Comment 4 Zac Medico gentoo-dev 2024-07-29 04:52:02 UTC
(In reply to Sam James from comment #0)
> This came up in bug 463964 (sort of in passing).
> 
> The problem has two parts:
> 1) On the portage side, we should.. retry? have fallback URLs for the same
> binhost? when fetching a binpkg fails.

The default behavior of fetching every Packages index update is harmful, because it makes it more likely that users will fetch an inconsistent copy. Currently the binrepos.conf "frozen" setting (bug 932739) is the only means we have available to modify the default behavior.
Comment 5 Zac Medico gentoo-dev 2024-07-29 16:24:04 UTC
(In reply to Zac Medico from comment #4)
> (In reply to Sam James from comment #0)
> > This came up in bug 463964 (sort of in passing).
> > 
> > The problem has two parts:
> > 1) On the portage side, we should.. retry? have fallback URLs for the same
> > binhost? when fetching a binpkg fails.
> 
> The default behavior of fetching every Packages index update is harmful,
> because it makes it more likely that users will fetch an inconsistent copy.
> Currently the binrepos.conf "frozen" setting (bug 932739) is the only means
> we have available to modify the default behavior.

I've been thinking about ways to automatically enable this "frozen" behavior, in order to avoid a manual binrepos.conf edit. A simple solution would be to add a flag to trigger this "frozen" behavior when REPO_REVISIONS (from bug 924772) is in sync with the source repository.

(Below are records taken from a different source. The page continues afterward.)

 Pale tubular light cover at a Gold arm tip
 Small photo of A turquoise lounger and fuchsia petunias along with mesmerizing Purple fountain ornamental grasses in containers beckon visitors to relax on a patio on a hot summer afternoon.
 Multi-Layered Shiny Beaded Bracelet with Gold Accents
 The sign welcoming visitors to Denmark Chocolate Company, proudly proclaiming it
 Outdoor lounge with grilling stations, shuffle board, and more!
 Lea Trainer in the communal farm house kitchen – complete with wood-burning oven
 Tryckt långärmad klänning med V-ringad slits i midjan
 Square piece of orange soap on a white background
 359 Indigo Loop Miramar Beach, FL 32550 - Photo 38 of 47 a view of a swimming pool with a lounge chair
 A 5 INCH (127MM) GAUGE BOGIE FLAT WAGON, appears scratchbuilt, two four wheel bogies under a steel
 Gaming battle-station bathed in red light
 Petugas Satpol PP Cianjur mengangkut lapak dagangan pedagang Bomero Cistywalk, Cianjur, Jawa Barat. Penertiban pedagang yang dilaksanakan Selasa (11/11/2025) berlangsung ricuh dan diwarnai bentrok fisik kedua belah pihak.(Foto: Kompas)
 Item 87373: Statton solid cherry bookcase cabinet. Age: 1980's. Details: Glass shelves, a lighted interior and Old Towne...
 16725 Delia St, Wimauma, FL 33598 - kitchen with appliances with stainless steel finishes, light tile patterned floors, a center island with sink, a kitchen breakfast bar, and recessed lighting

However this simple solution could lead to missed Packages index updates if some of the package builds were delayed as reported in bug 924772 comment 23. I think it would be ideal to cope with this kind of issue on the server side by treating a solver failure as a fatal QA issue as I suggested in bug 924772 comment 25.
Comment 6 Zac Medico gentoo-dev 2024-07-29 16:39:41 UTC
(In reply to Zac Medico from comment #5)
> (In reply to Zac Medico from comment #4)
> However this simple solution could lead to missed Packages index updates if
> some of the package builds were delayed as reported in bug 924772 comment
> 23. I think it would be ideal to cope with this kind of issue on the server
> side by treating a solver failure as a fatal QA issue as I suggested in bug
> 924772 comment 25.

An alternative coping mechanism would be to implement a conditional Packages index update mechanism that only updates when REPO_REVISIONS is unchanged, as suggested in bug 924772 comment 26.